Okay I will admit it. I am a big fat chicken. Nah, we'll leave out the "fat" part. One cannot claim fatness when one must remember to pull up one's trousers when walking. The chicken (mmm, chicken) part, however, stays.
I have never done NaNoWriMo. Not once. Not ever. Does that make it NoNoWriMo for me? Possibly. I'm thinking of doing it this year, but I'm conflicted. Also chicken. 50k in one month? That would be a word count of dreams, let me tell you. One of my goals for the upcoming year is to increase my body of sellable work (aka write more, aka put out two books a year) and I am just slightly over one hundred pages from the end of the current ms. So what's stopping me?

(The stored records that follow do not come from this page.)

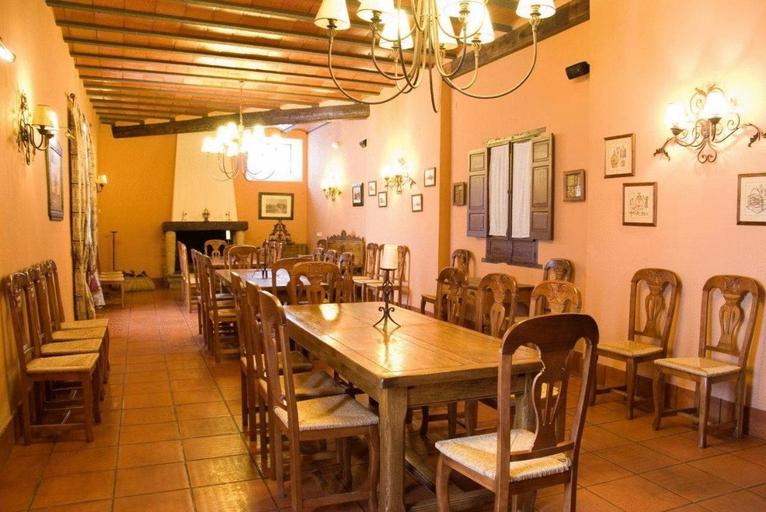 Others 5, Hotel Bodega La Venta, Cuenca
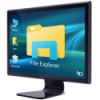 File Explorer and Manager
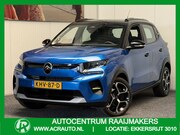 Citroën C3 - 1.2 TURBO PLUS 100PK NIEUW MODEL 2025 50 STUKS OP VOORRAAD !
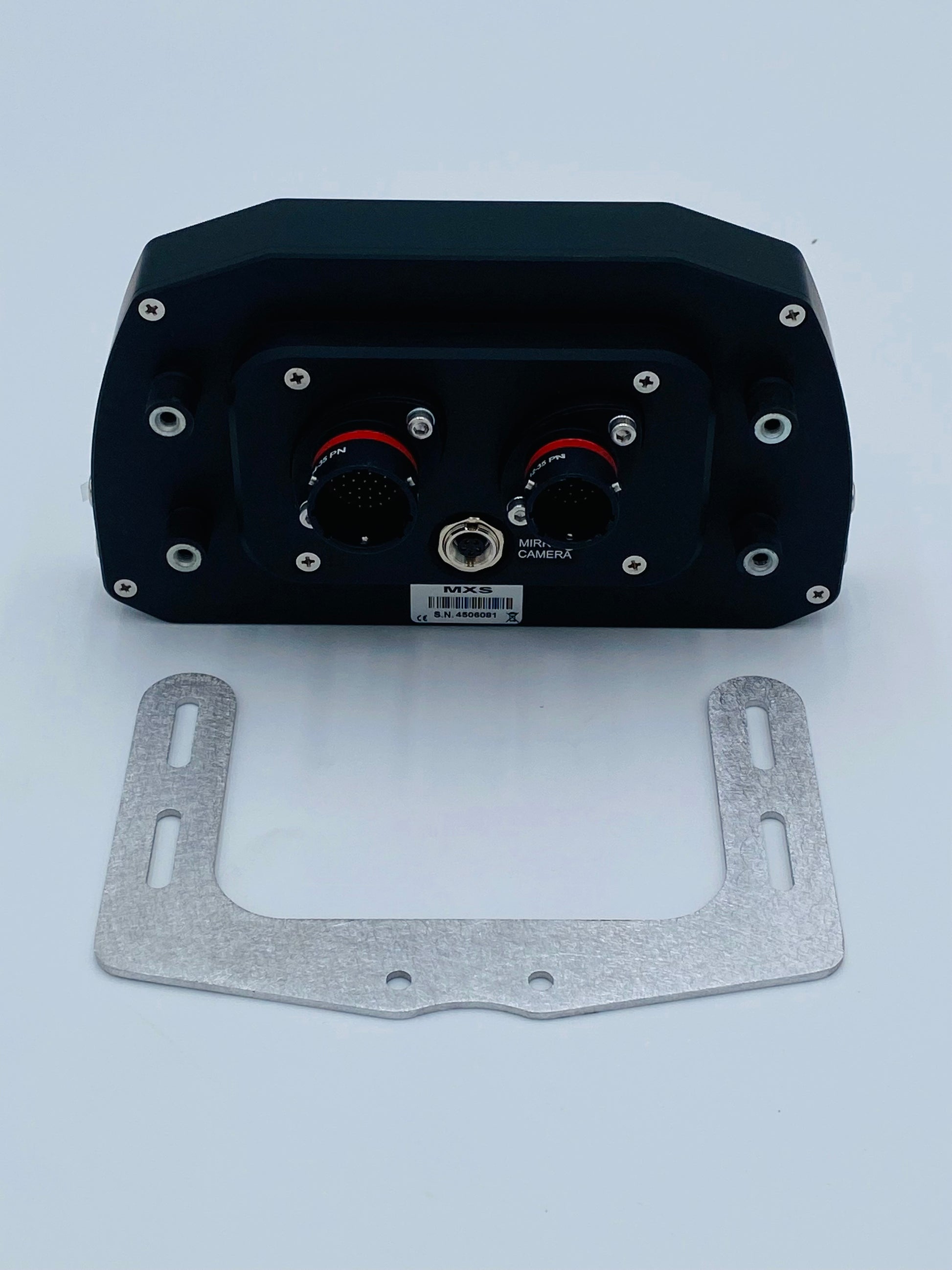 AIM MXS 1.3 Data Logger Viper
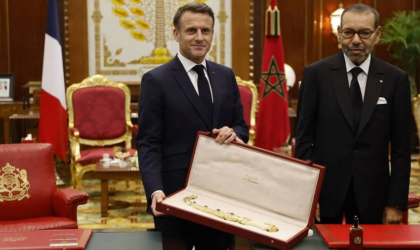 Paris fait machine arrière et demande à Rabat de revoir «son» plan d’autonomie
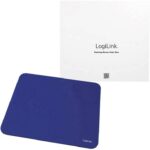 LogiLink ID0118 Gaming-Mauspad Blau – Bild 2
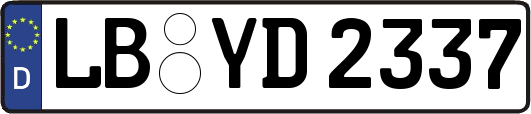 LB-YD2337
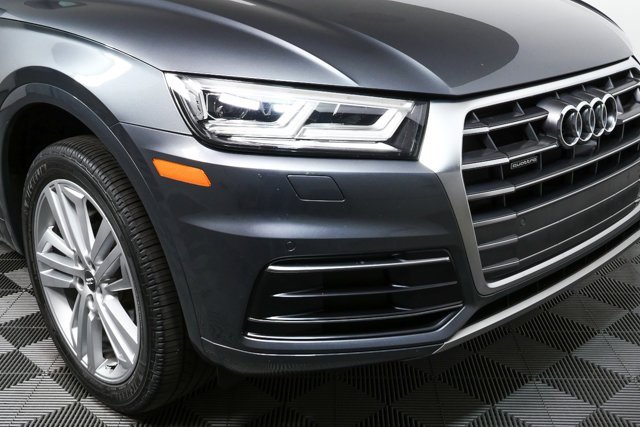 Used 2018 Audi Q5 Prestige image 37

Fear. Abject, mind-numbing fear. I am a world class ditherer, and have seen writing friends put out two or three books in the time it takes me to write one. I have seen entire careers come and go, and in some cases come back, before I made novel sale one. I know comparing oneself to others is alway a bad, bad thing to do, and yet it's still one of my worst writing habits. Procrastination being another. If I don't finish, I can't fail, and that's a safe place to be.
Thing is I don't like safe, at least not that way. Looking at the files I need to transfer from Frankenstein to Petunia, I have a lot, no make that a LOT of books to write, with new ideas crowding in nearly every day. So the only logical thing is to let off some pressure and get some of them out of my noggin. Which is why the procrastination doesn't make sense.

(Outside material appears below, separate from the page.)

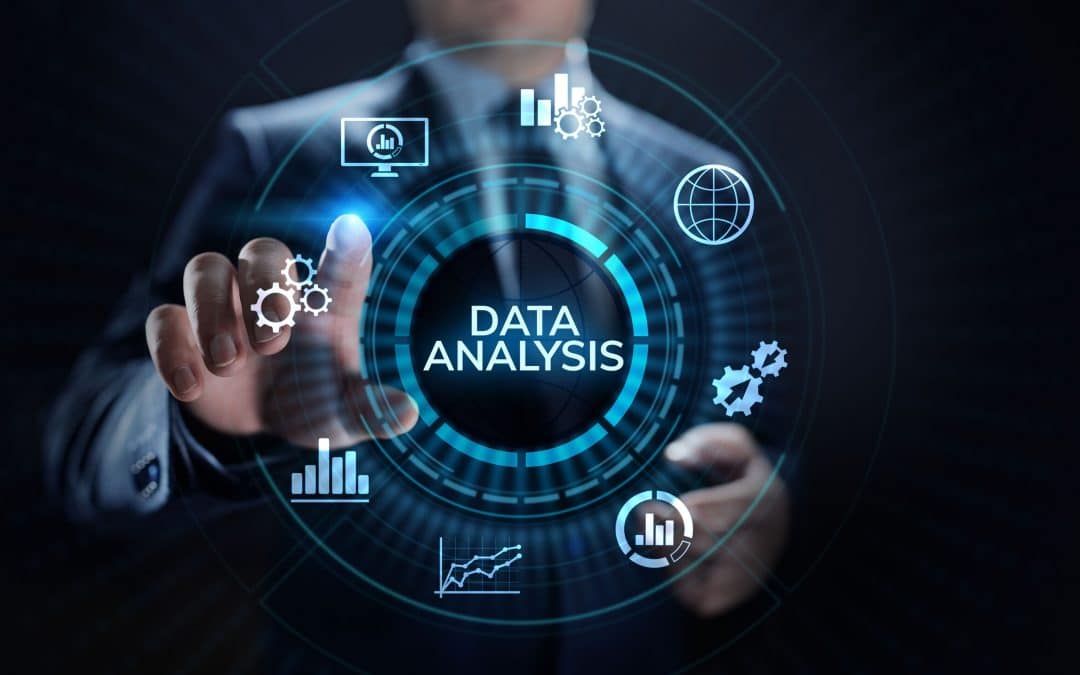 Analyse données et business intelligence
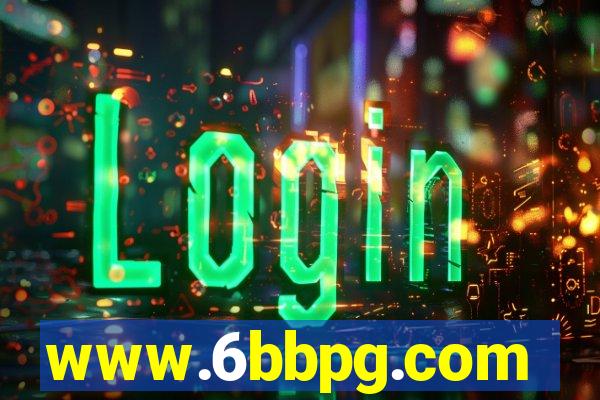 www.6bbpg.com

Also why NaNoWriMo makes sense (and thanks, E, for the encouragement) -- I'm seriously thinking of doing it this year. But do I shoot for the end of this current ms or start one of the new ones? Talk about conflict. I'm blabbery today, there is plenty of Diet Coke, and I am snuggled under my brand new snowflake blankey (thanks to E again) which may be rivalling the duck blankey as best blanket on earth. So things are bound to fall into place.